Un pas important pour protéger les enfants handicapés contre la violence sexuelle
Le Devoir rapportait le 25 septembre que le centre Marie-Vincent lance le programme Voies, spécifiquement conçu pour mieux protéger les enfants ayant une déficience intellectuelle ou un trouble du spectre de l’autisme contre les agressions sexuelles.
Cette annonce est une bouffée d’air frais dans un contexte où les chiffres donnent froid dans le dos : selon Marie-Vincent, les enfants ayant une déficience intellectuelle courent un risque de deux à huit fois plus élevé d’être victimes de violence sexuelle que leurs pairs neurotypiques. Quant aux enfants autistes, leur risque est de trois à quatre fois plus grand.
Ces données sont terrifiantes, mais elles ne surprennent pas les familles et les organismes de notre région. La vulnérabilité accrue des enfants handicapés doit être reconnue et prise en charge par des mesures de prévention et d’éducation réellement adaptées.

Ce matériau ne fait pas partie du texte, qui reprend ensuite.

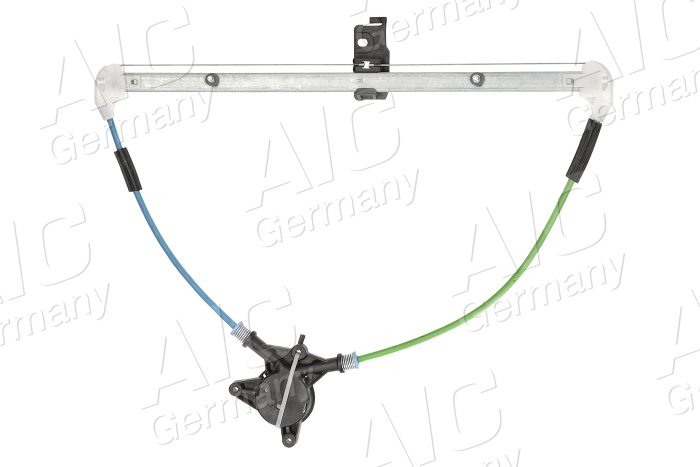 Window Regulator (72803)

L’éducation sexuelle adaptée : une question de dignité et de droits
L’un des facteurs majeurs expliquant cette vulnérabilité est le manque d’éducation à la sexualité. Encore aujourd’hui, trop de personnes – y compris dans nos institutions – entretiennent le préjugé que les enfants ayant une déficience intellectuelle ou un trouble du spectre de l’autisme n’ont pas de sexualité, ou que celle-ci est secondaire.

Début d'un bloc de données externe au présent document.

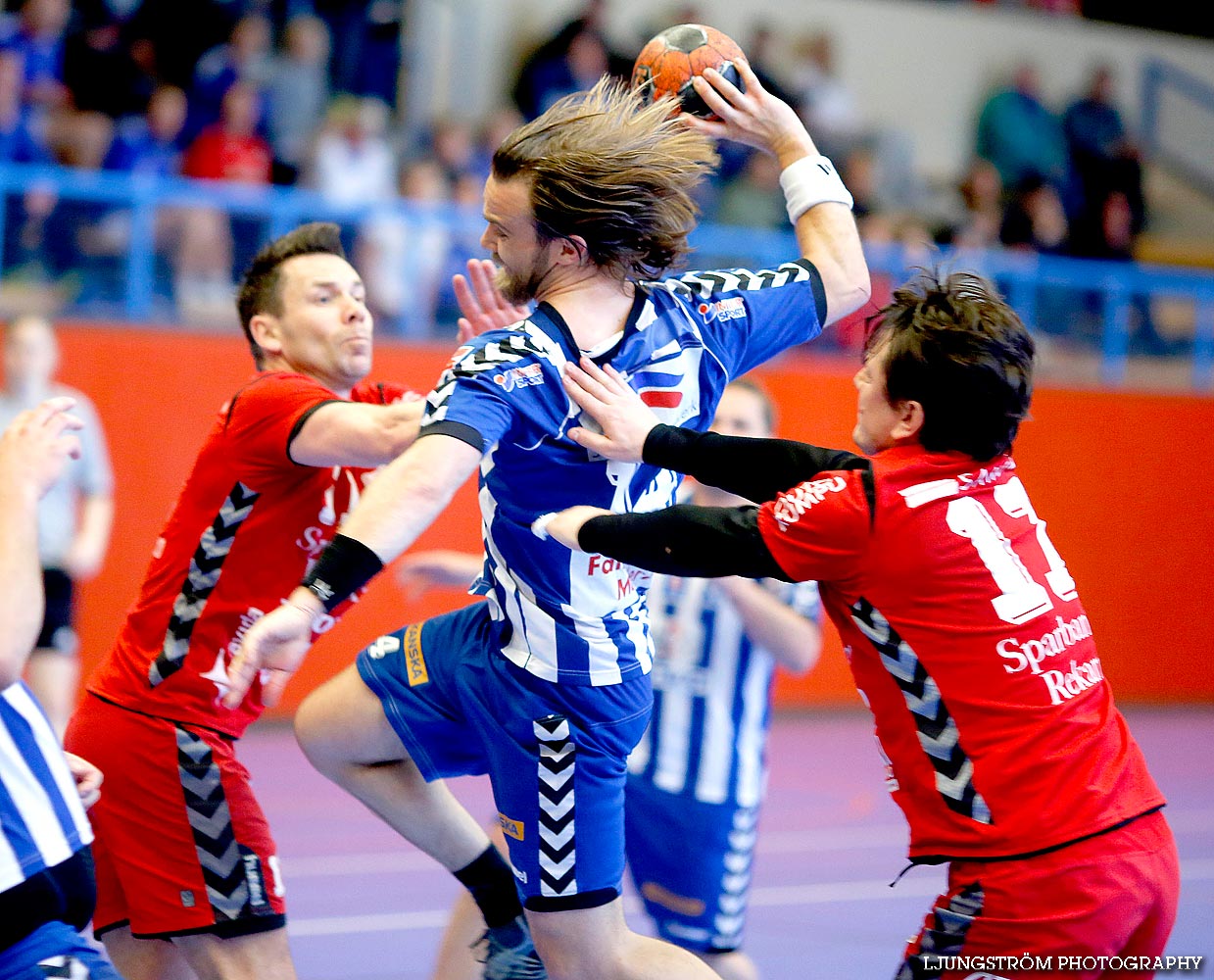 Trim-SM Herrar IFK Skövde HK-Eskilstuna Guif,herr,Arena Skövde,Skövde,Sverige,Handboll,,2014,87151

C’est faux. Ces enfants ont les mêmes besoins que tous les autres : comprendre leur corps, savoir dire non, identifier les comportements abusifs, développer des relations respectueuses. Leur refuser cette éducation, c’est les condamner à l’ignorance et les exposer davantage aux prédateurs.
L’éducation sexuelle adaptée n’est pas un luxe, c’est un droit fondamental et nécessaire pour leur protection.
Des programmes comme Voies et Boussole : une avancée, mais…
Le ROPHCQ salue le travail du centre Marie-Vincent, qui développe depuis trois ans des outils adaptés pour les enfants de 4 à 12 ans vivant avec une déficience intellectuelle légère, un TSA léger ou des troubles du langage. Les premiers retours sont positifs et démontrent à quel point le besoin est criant.
Cependant, nous devons rappeler que ces initiatives isolées ne suffisent pas. Il faut que le ministère de l’Éducation et celui de la Santé et des Services sociaux prennent leurs responsabilités pour que ces outils soient déployés partout au Québec, dans toutes les écoles, dans tous les camps de jour, dans toutes les familles qui en ont besoin. Il ne peut pas s’agir d’un privilège réservé à quelques milieux pilotes.
Agir collectivement
Nous savons que la violence vécue par les enfants handicapés est largement sous-déclarée, notamment en raison des difficultés de communication, de la dépendance à des adultes et de la honte qui entoure encore trop souvent les abus sexuels. Tant que le gouvernement n’agira pas de façon systémique – financement, formation des intervenants, accessibilité aux programmes de prévention adaptés –, les enfants handicapés continueront d’être surreprésentés parmi les victimes d’agressions sexuelles.
Ce que nous demandons
- Que l’éducation à la sexualité adaptée soit garantie par l’État, et non laissée au bon vouloir d’organismes qui doivent sans cesse se battre pour obtenir du financement.
- Que les programmes de prévention comme Voies et Boussole soient reconnus et financés à long terme pour couvrir tout le Québec.
- Que les intervenants scolaires, communautaires et institutionnels reçoivent une formation obligatoire pour mieux prévenir, détecter et intervenir auprès des enfants handicapés victimes de violence sexuelle.
Conclusion
Protéger nos enfants handicapés contre la violence sexuelle, ce n’est pas seulement développer de nouveaux outils. C’est reconnaître leur dignité, leur droit à la sécurité et leur pleine citoyenneté.
Nous ne pouvons plus nous contenter de constats. L’État québécois doit faire de la protection des enfants handicapés une priorité politique et budgétaire.
Parce qu’un enfant handicapé est d’abord et avant tout un enfant qui a droit à la sécurité, au respect et à la justice.